Leserzuschrift aus dem Ahrtal:

Warum es nicht so einfach ist, das Ahrtal zu verlassen

…. das Tal verlassen … es ist nicht so einfach, ich habe das Gefühl, dass wir in der Außenwelt nicht mehr zurechtkommen, es ist eine andere Welt hier, hast du selbst die Bilder gesehen…  trist … trotzdem ist es nach 5 Monaten unsere Realität geworden. 

Am rechten Ahrufer gibt es diese Uferlichter, eine Art von Weihnachtsmarkt, eine Erinnerung an die normale Welt, die mir irgendwie künstlich und verlogen erscheint.

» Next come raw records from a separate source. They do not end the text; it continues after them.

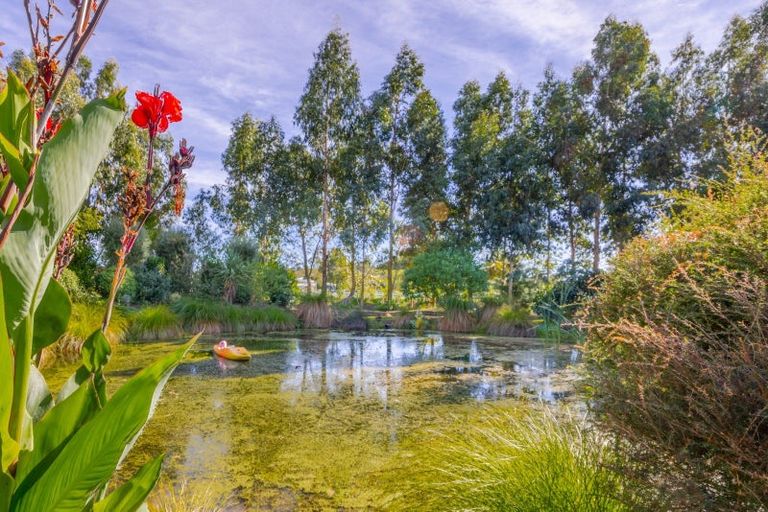 Photo of property in 2b Bibby Street, Waipawa, 4210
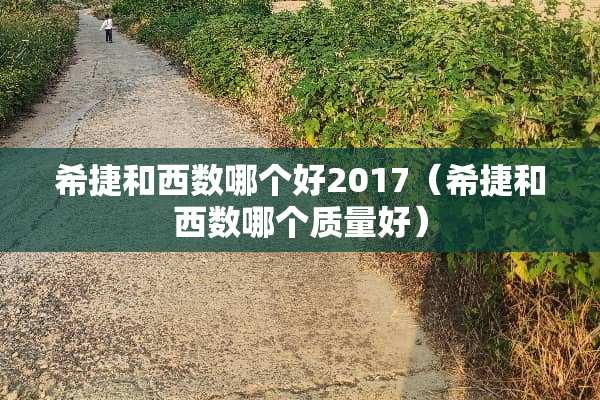 希捷和西数哪个好2017（希捷和西数哪个质量好）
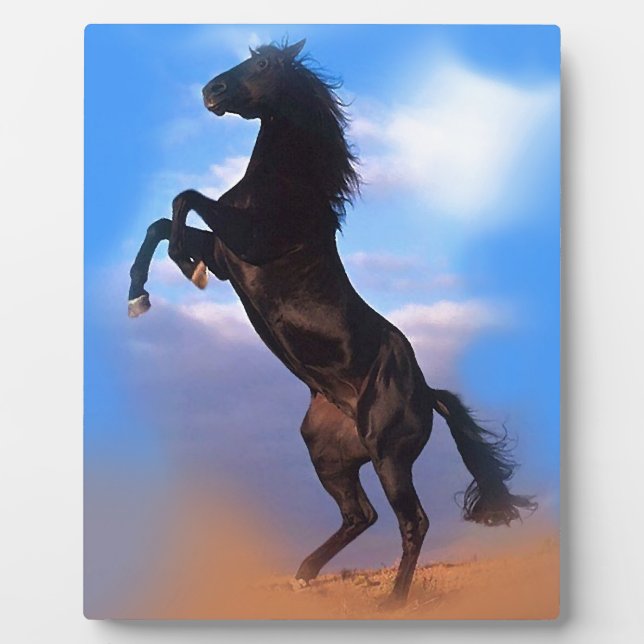 Rearing Horse Plaque (Front)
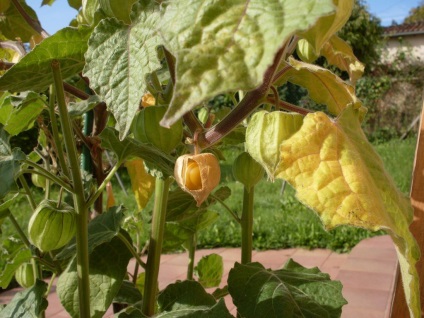 Physalis fotó és fajok termesztése és gondozása növények (faj) Physalis fotó és fajok termesztése és gondozása növények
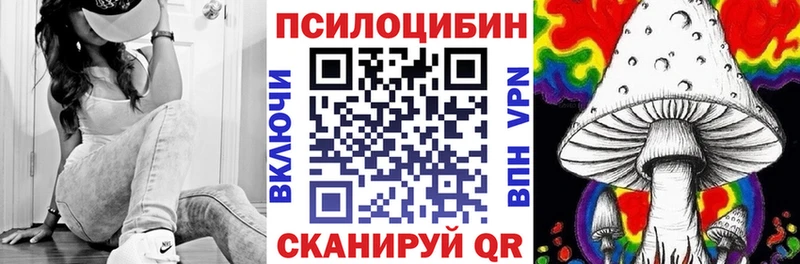 Псилоцибиновые грибы мицелий  купить наркотик  даркнет формула  Петухово 
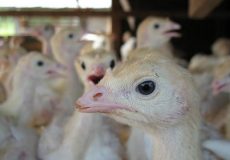 Willmar Poultry, Aviagen establish new turkey poult supplier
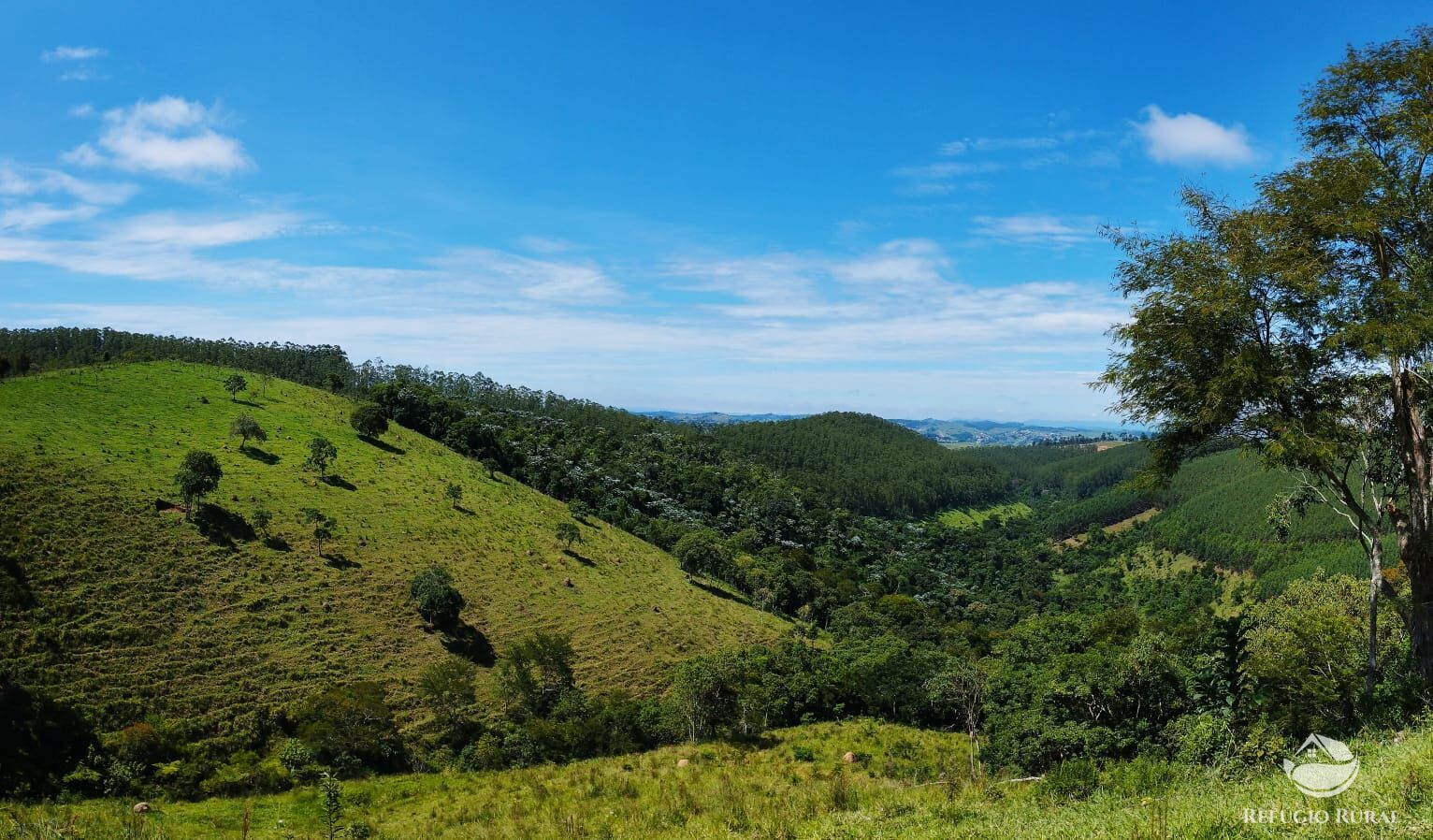 Fazenda à venda com 1 quarto, 290400m² - Foto 1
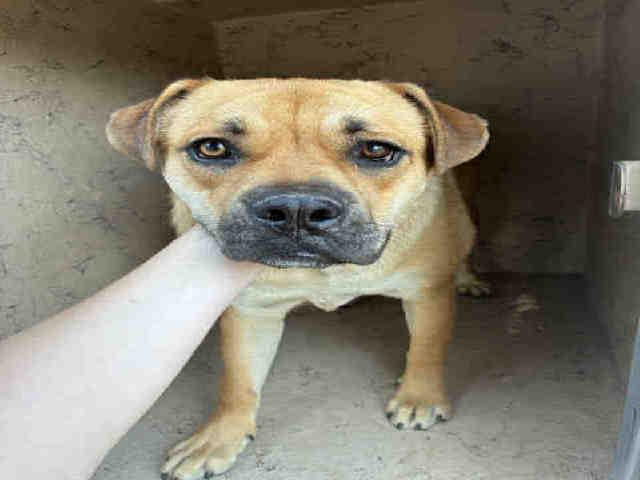 Enlarge LADY, a Adoptable mixed breed in Bonita, CA image 1/1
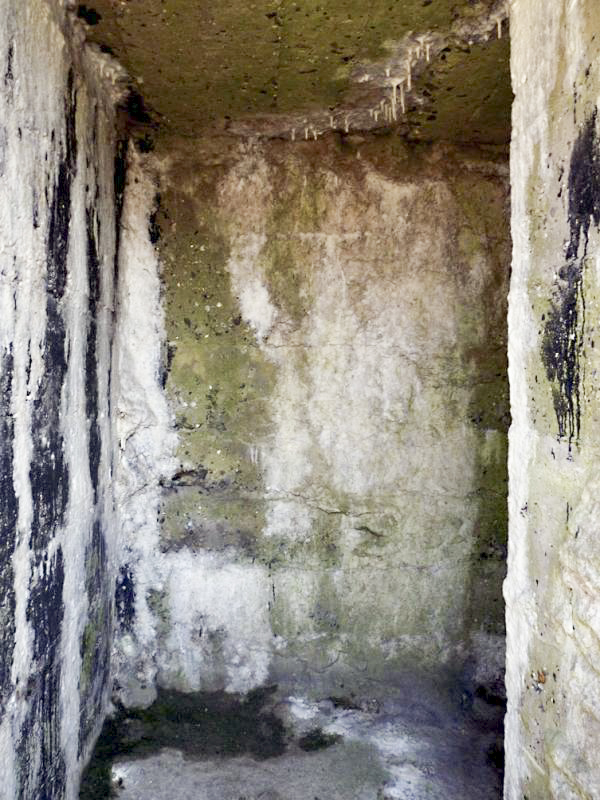 Ligne Maginot - B24 - BAR-LE-DUC - (Blockhaus pour arme infanterie) -  - JMBrams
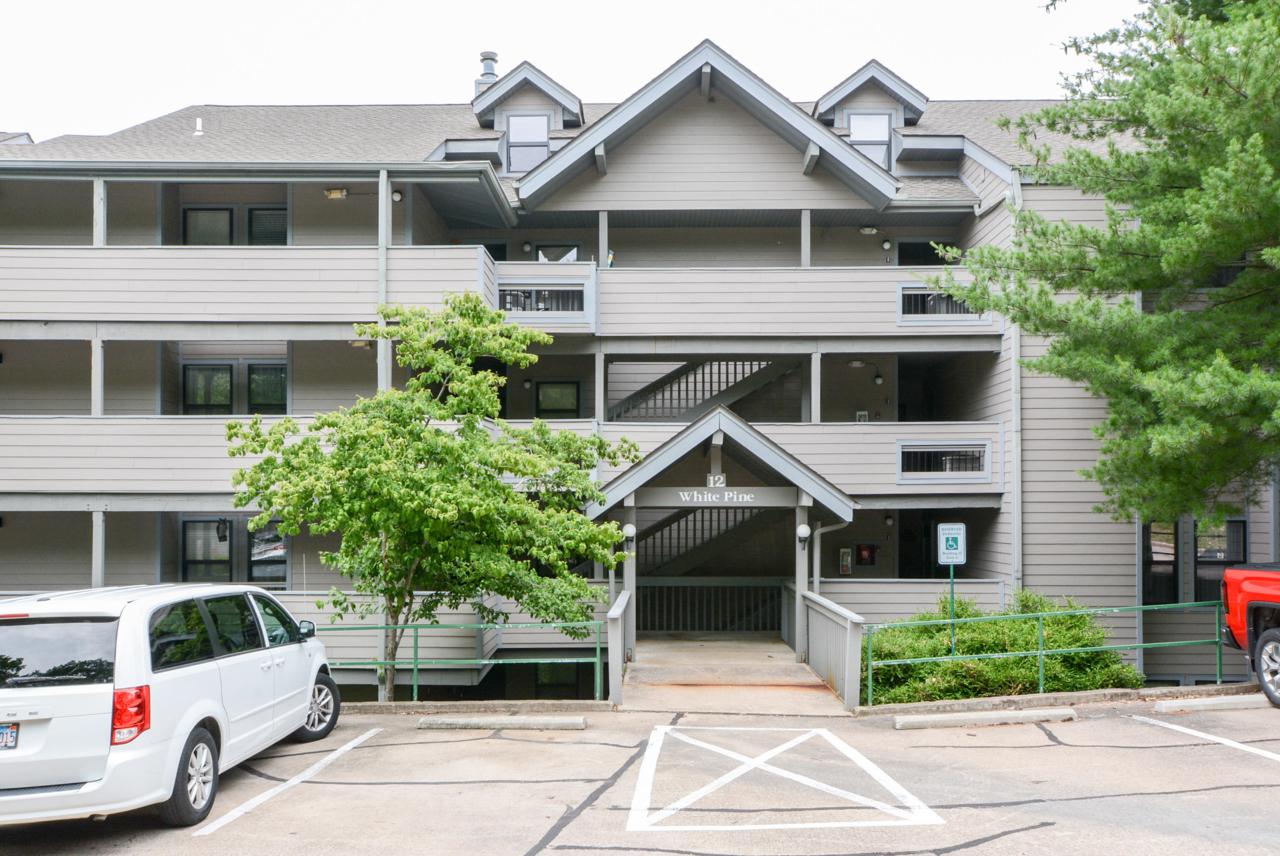 12 Treehouse Lane - Photo 1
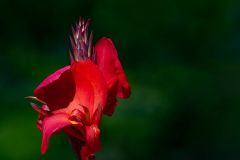 Canna Lily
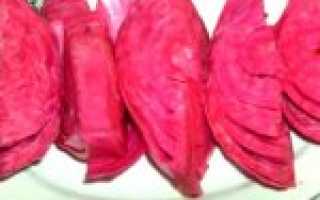 Капуста со свеклой на зиму: самые вкусные и простые рецепты приготовления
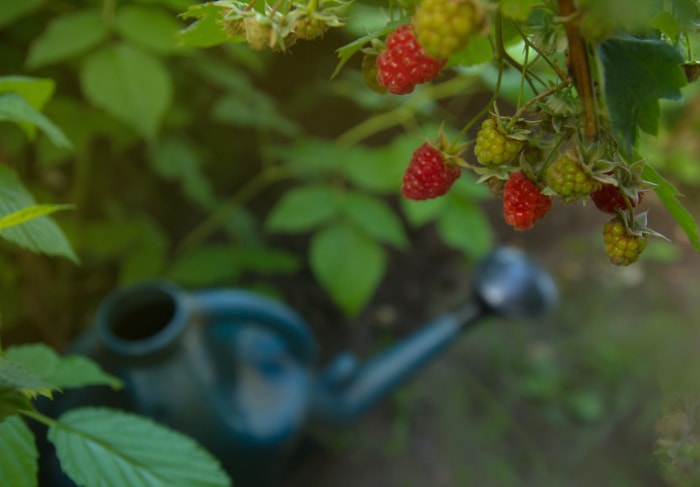 Gros plan d'un framboisier et d'un arrosoir dans un jardin familial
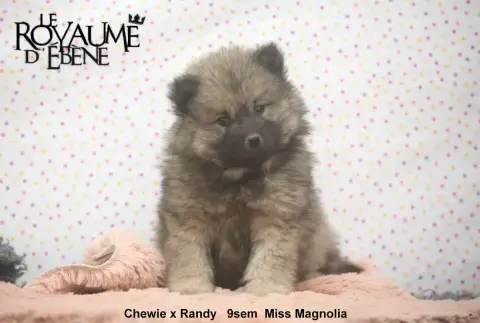 Eurasier  Magnolia Du Royaume D'Ebène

Alles schön abgeriegelt, damit die Ungeimpften nicht in den Genuss der neuen Normalität kommen. Es fehlt nur das Schild „nur für Geimpfte“. 

Ich vermisse die Zeit nach der Flut, die ersten zwei Monate: ohne Corona, ohne Masken, ohne Abstände. Es mag komisch klingen, aber wir fühlten uns frei, frei mitten in diesem ganzen Elend, in dem Schlamm, in dem Dreck…  und die Menschen redeten miteinander, auch  Menschen, die sich nicht kannten, kamen aufeinander zu, umarmten sich und hatten keine Angst davor, angesteckt zu werden… 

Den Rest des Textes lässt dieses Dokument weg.